Back when I was trying to believe in a God who chooses some for love and some for destruction, it was difficult to get on board.  At the time, I thought it was because I had too much sadness for all those others who would spend their lives separate from me.  All those drug dealers and prostitutes and grandparents who didn’t go to church.  Meanwhile, I would spend Sunday mornings working myself Chosen to death, next to the greedy, the guileless, the molesting.

I think what I knew then is what I know now: that if this is true, that some are Chosen, then it is something I can believe whole heartedly, but only if I believe that I am not, in fact, one of the Chosen.

I know there are more out there like me.

All these heavenly strings attached, maybe it’s better to be the vessel for destruction, anyway.  A vessel implies an opening, after all.  And anyone who leaves themselves open for destruction can also be open to the ripping heart Destroyer of love.  No zippers keeping us inward and upward and compact for God.  Just fluid beings bumping into the just and unjust, trying to find a way to make it work right here, right now.

Puppy Love: On Calls and Responses.

Before my newest pup loved me, I could yell at her and she would not respond at all.  She would keep chew-chewing or sleeping or noting her paws.  I could make high pitched sounds of leaking cute, and she did not care that they were for her.  Her tail barely gave a waggle.

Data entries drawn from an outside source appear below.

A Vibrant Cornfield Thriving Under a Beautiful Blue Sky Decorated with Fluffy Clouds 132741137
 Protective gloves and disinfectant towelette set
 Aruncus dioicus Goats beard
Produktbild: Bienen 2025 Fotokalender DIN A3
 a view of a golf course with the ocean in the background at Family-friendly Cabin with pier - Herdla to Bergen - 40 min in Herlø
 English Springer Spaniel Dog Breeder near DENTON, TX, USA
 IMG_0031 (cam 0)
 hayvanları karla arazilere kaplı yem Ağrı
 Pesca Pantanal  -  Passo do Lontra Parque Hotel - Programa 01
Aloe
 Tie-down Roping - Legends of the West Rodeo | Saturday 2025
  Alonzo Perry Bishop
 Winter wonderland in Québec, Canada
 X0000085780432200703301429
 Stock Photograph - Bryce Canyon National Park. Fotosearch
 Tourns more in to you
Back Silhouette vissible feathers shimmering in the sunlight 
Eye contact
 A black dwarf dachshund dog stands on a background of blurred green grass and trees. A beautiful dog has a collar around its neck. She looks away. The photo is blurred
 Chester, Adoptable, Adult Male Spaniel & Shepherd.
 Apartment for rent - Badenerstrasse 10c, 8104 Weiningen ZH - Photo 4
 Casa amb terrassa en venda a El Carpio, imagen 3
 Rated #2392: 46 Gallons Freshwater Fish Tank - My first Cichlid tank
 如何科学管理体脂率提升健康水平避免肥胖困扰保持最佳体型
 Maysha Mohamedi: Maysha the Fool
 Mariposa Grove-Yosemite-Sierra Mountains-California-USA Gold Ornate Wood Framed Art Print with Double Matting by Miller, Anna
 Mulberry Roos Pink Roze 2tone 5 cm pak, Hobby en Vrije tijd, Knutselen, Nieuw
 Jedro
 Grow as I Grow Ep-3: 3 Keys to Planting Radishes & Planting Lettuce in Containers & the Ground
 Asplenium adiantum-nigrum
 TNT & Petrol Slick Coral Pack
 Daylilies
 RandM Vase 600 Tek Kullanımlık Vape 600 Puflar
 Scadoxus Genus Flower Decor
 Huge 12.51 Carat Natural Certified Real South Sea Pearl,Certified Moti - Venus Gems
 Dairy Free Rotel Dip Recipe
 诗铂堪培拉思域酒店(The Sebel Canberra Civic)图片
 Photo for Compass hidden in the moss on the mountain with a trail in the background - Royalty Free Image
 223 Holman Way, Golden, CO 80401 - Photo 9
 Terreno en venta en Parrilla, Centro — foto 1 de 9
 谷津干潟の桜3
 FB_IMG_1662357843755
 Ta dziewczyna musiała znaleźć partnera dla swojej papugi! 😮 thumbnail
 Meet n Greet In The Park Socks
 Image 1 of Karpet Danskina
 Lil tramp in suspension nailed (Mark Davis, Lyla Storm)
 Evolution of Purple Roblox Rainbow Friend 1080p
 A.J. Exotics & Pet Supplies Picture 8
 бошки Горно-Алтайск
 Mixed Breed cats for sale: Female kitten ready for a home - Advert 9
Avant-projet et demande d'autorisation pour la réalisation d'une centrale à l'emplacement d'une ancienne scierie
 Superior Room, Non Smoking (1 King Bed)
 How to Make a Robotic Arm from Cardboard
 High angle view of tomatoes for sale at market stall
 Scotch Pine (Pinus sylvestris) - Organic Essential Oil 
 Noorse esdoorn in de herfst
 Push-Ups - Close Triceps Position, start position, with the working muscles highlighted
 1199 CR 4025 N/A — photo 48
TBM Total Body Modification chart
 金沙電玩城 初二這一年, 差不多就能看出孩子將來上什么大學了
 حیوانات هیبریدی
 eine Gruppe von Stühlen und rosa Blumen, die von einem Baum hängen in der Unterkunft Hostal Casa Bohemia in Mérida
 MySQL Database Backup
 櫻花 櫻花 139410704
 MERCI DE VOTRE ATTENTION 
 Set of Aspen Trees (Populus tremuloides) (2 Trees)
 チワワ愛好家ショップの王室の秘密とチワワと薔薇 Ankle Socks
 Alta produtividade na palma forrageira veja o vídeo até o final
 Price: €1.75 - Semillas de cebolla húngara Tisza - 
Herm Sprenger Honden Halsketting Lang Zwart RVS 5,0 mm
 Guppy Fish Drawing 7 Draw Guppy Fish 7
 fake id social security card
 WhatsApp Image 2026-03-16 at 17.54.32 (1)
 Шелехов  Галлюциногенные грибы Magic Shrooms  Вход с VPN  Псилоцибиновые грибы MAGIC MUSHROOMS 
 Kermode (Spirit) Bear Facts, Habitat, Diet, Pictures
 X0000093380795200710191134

Before we knew each other so well– before she could hear the first jingle of the leash and know that it was time for a walk, before I could tease her until she would bark once at excitement, before she knew what too far was– she did nothing.  She bumped around on her own.  All I could do, and she couldn’t care.

Now, after she found out that I loved her, it is all she can do but to respond to my movements.  And when I yell at her, she is in the worst life.  When I make high pitched sounds of leaking cute, she bops her front paws up and down like she will explode.  She knows, now, that every movement is a movement for her.  This is how I know that she knows that I love her.

It is for this reason that I wonder whether I love God, or s/he loves me, at all.

For all this noise, I cannot tell that any of it is for me.